Billy Joel song- A Matter of Trust
windy day song- A Matter of Gust
affair song- A Matter of Lust
push-up bra song- A Matter of Bust
Swiffer song- A Matter of Dust
rocket launch song- A Matter of Thrust
junkyard song- A Matter of Rust
deep dish pizza song- A Matter of Crust
REASONS TO BRING BACK DRAGONS
• can cook your toast
• would be a warm and wholesome nap partner
• riding one + your cloak fluttering behind you is epic
• they can scream companionably with you
• if you’re losing an argument, your dragon can just eat the person
My husband is with me every step of the way, in life, in love, in faith, in front of the kitchen drawer I need to get to
You can’t intimidate me; you’re not a hairbrush.
Omg Brad Pitt just followed me! How does he only have 14 followers?!?!
Sorry Taco Bell, but I came up with the Naked Chicken Chalupa before you did. Well actually Ambien did & I’m still banned from Taco Bell.
I said it out loud and I can’t stop giggling lmao
“It says on your profile you’re part of an orchestra? What instrument do you play?”
“Gun”
How inappropriate is it to ask a stranger to scratch your back? Need to know ten minutes ago.
I cannot stop laughing. Bungalow.
me: a weirdo broke into my house
cop: are you positive it was a weirdo
me: they stole all my jeff goldblum spoken word poetry albums so you tell me
the worst part of getting fired from the unemployment office is still having to go in the next day
[being strapped to a medieval torture table]
“tbh not what I thought you meant when you said you were going to show me a nice rack”
[stranded on Mars journal]
day 1: rob and I have enough oatmeal to last us 300 days
day 2: I ate rob
I caught a genie! He keeps saying “I’m not a genie. Let me go!” Whatever, Ahmed. You can go when I get my magic carpet.
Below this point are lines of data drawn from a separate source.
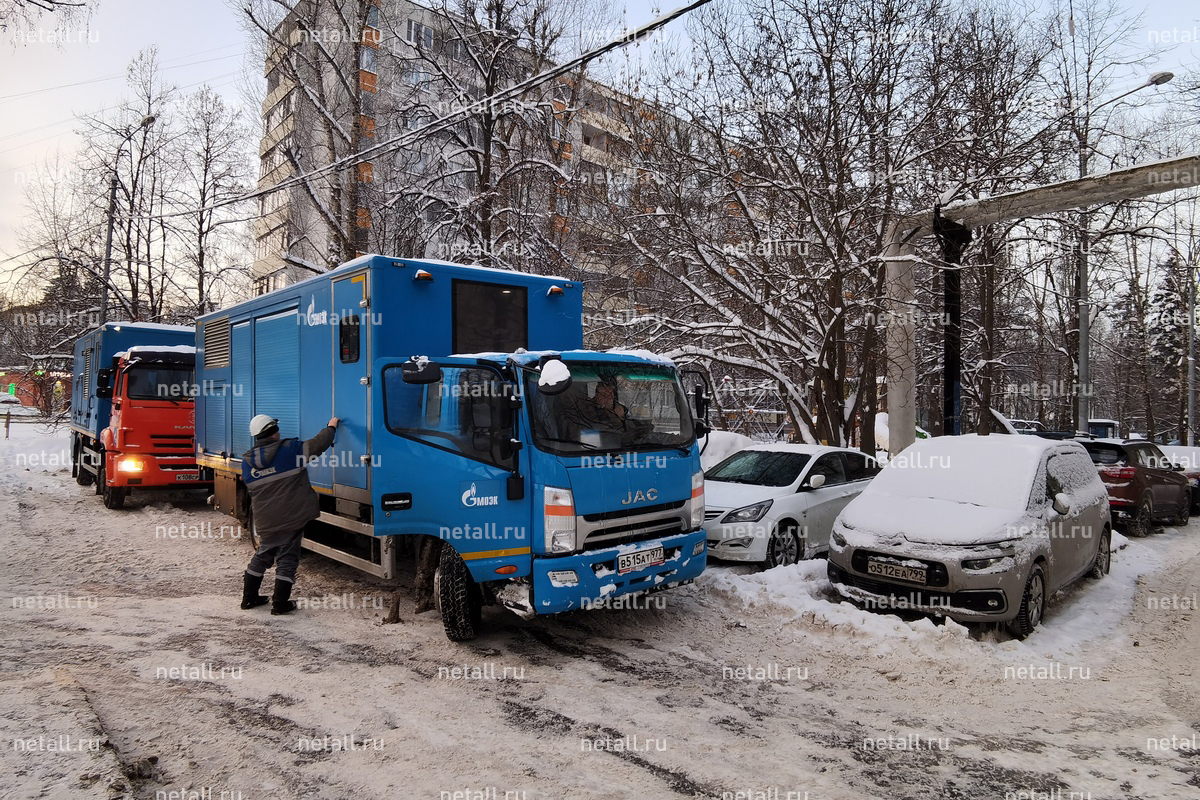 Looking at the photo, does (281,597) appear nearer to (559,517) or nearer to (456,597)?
(456,597)

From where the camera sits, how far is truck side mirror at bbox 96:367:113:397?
1357 centimetres

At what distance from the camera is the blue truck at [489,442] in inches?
221

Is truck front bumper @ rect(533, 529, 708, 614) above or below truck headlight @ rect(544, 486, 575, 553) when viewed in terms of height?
below

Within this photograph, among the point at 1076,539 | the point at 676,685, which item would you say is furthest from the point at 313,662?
the point at 1076,539

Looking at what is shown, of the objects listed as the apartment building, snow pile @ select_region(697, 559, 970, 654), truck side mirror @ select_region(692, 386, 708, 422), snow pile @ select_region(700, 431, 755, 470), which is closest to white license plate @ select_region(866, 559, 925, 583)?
snow pile @ select_region(697, 559, 970, 654)

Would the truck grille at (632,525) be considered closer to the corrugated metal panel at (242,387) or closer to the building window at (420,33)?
the corrugated metal panel at (242,387)

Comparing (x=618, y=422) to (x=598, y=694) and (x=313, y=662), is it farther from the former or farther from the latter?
(x=313, y=662)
I know my rights.
*survives trip to grocery store
*checks in as “safe” on Facebook
*summoning demonic forces to overthrow the zoo employees*
Tinder but it matches people that don’t know what they want for dinner with people who will decide what they get for dinner.
#parenting
My psychiatrist and I had a major breakthrough.
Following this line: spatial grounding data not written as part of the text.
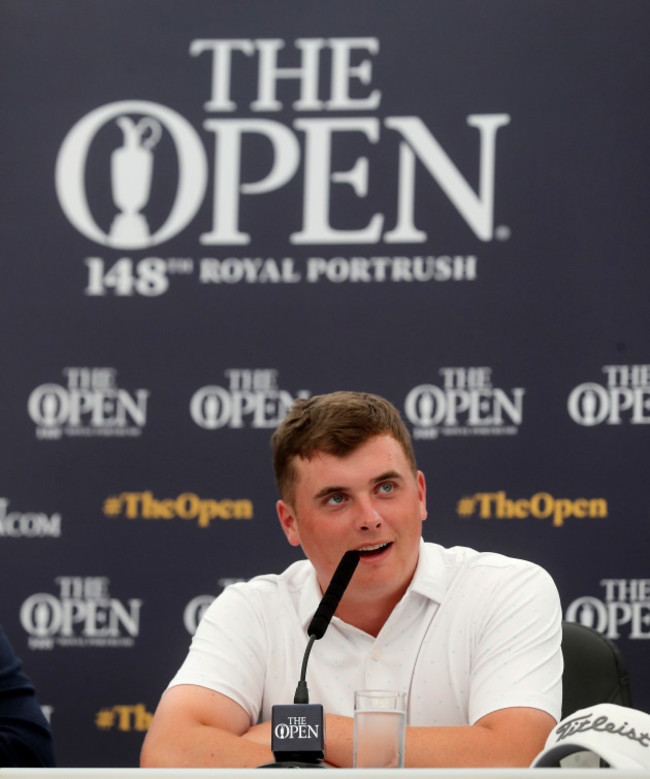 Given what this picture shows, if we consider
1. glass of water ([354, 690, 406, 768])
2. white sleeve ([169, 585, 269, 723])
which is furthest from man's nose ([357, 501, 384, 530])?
glass of water ([354, 690, 406, 768])

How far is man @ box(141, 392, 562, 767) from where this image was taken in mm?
2043

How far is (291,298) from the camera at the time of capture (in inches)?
131

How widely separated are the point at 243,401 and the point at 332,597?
1584mm

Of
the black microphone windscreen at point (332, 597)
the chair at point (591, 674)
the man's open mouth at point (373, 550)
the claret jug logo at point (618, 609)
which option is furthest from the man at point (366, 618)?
the claret jug logo at point (618, 609)

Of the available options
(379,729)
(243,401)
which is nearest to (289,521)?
(379,729)

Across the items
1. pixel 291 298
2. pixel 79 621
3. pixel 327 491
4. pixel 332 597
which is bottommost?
pixel 79 621

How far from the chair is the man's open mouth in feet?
1.39

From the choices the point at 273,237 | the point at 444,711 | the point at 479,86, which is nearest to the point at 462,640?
the point at 444,711

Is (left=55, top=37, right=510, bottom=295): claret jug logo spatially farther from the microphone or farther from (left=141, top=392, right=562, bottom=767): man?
the microphone

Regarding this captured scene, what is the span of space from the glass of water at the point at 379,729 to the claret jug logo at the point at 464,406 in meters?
1.72

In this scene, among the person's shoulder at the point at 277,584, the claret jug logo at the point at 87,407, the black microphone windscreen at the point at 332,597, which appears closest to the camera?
the black microphone windscreen at the point at 332,597

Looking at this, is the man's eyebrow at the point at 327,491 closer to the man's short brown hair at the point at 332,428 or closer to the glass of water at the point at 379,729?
the man's short brown hair at the point at 332,428

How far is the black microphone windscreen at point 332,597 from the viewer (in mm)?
1685

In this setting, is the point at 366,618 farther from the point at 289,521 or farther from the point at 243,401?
the point at 243,401
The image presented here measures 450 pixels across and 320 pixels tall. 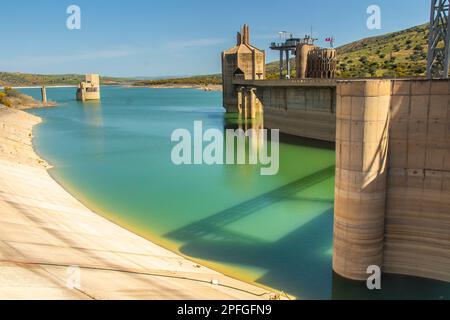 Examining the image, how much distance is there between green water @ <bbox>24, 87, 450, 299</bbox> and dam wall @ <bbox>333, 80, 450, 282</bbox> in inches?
41.4

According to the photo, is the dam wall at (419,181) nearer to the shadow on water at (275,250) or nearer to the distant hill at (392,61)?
the shadow on water at (275,250)

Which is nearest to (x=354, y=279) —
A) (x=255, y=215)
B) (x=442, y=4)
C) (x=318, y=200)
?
(x=255, y=215)

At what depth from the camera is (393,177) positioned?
14938 millimetres

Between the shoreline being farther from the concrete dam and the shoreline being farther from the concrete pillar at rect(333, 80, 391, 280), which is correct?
the concrete dam

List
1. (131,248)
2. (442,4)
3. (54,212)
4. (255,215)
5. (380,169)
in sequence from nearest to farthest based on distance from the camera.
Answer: (380,169)
(131,248)
(442,4)
(54,212)
(255,215)

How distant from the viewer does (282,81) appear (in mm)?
53469

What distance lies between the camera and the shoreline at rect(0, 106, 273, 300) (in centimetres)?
1225

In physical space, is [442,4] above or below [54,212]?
above

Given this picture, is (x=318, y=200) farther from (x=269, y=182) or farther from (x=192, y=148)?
(x=192, y=148)

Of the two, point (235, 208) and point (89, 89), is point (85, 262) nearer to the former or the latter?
point (235, 208)

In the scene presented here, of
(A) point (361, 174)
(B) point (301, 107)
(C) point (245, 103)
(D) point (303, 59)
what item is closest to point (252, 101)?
(C) point (245, 103)

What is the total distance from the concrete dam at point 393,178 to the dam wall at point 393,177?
31 millimetres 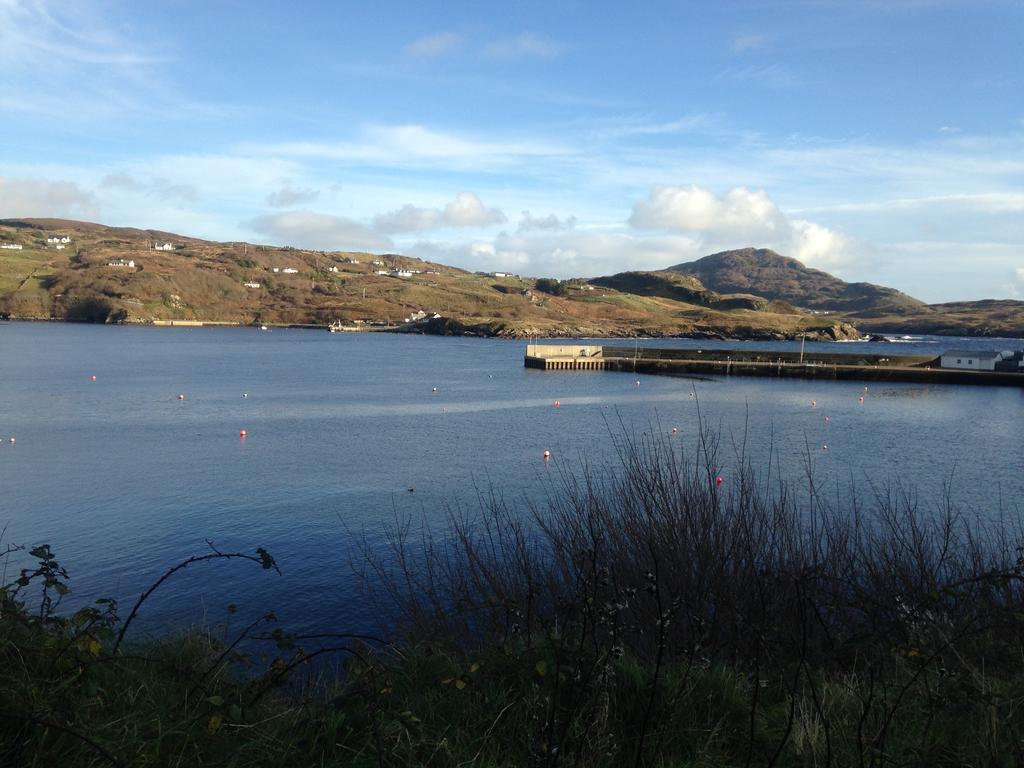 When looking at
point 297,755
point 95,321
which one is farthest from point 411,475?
point 95,321

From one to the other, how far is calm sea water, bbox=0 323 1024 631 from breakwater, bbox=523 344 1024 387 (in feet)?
18.0

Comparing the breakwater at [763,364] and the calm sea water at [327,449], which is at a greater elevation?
the breakwater at [763,364]

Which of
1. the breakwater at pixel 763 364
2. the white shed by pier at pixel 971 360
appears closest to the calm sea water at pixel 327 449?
the breakwater at pixel 763 364

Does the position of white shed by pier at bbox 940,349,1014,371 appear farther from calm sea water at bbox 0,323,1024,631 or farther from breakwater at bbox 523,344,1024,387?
calm sea water at bbox 0,323,1024,631

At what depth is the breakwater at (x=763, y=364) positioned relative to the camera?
3467 inches

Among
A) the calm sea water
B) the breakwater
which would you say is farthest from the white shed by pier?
the calm sea water

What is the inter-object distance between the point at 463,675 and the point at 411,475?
27.0 m

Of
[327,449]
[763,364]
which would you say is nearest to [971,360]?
[763,364]

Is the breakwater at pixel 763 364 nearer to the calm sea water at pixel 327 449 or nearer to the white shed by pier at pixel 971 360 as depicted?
the white shed by pier at pixel 971 360

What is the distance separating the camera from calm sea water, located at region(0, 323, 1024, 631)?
21.7 m

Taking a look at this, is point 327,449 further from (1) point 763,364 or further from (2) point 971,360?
(2) point 971,360

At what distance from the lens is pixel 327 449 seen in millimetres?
40125

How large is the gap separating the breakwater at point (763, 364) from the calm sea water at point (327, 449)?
549 cm

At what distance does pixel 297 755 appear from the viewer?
5473mm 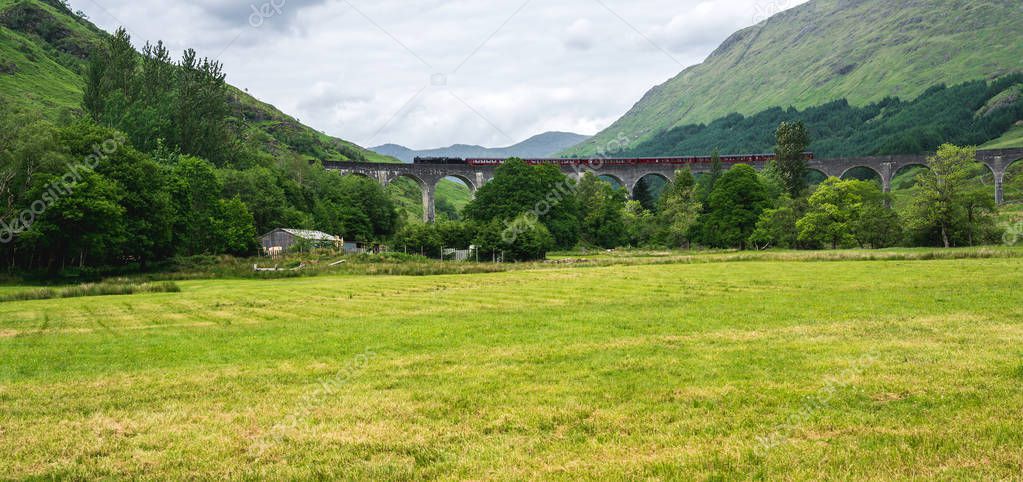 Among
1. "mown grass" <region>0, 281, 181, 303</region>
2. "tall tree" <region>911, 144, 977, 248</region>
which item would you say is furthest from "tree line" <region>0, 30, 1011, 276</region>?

Now he can hear the voices too.
Emperor: Luke, kill Vader and become my apprentice.
Vader: But why? I’ve been loyal.
Emperor: Have you ever listened to yourself breathe?
astrology is complicated but asking someone what their sign is and then responding with “yeah, that makes total sense” is super duper easy
Someone gave my boyfriend a book about men getting the upper hand in relationships and I told him to let me read it since he knows how much I love fiction
Staying with my parents, pt. 17:
Me: Mom, one of your wigs is set up in your bathtub in such a way that it looks like a person is sitting in there. It’s terrifying.
Mom: …
Me. …you did that on purpose, didn’t you?
Mom: It scares your dad. He’s funny when he’s scared.
It’s a bit unnerving when “make chloroform” & “make friends” are the top suggestions as I type “how to” in the search engine…
“Hi, I’m calling for info on your bicycle on Craigslist.”
It’s heavy, brown, has new shoes, and loves carrots. It’s definitely not a horse.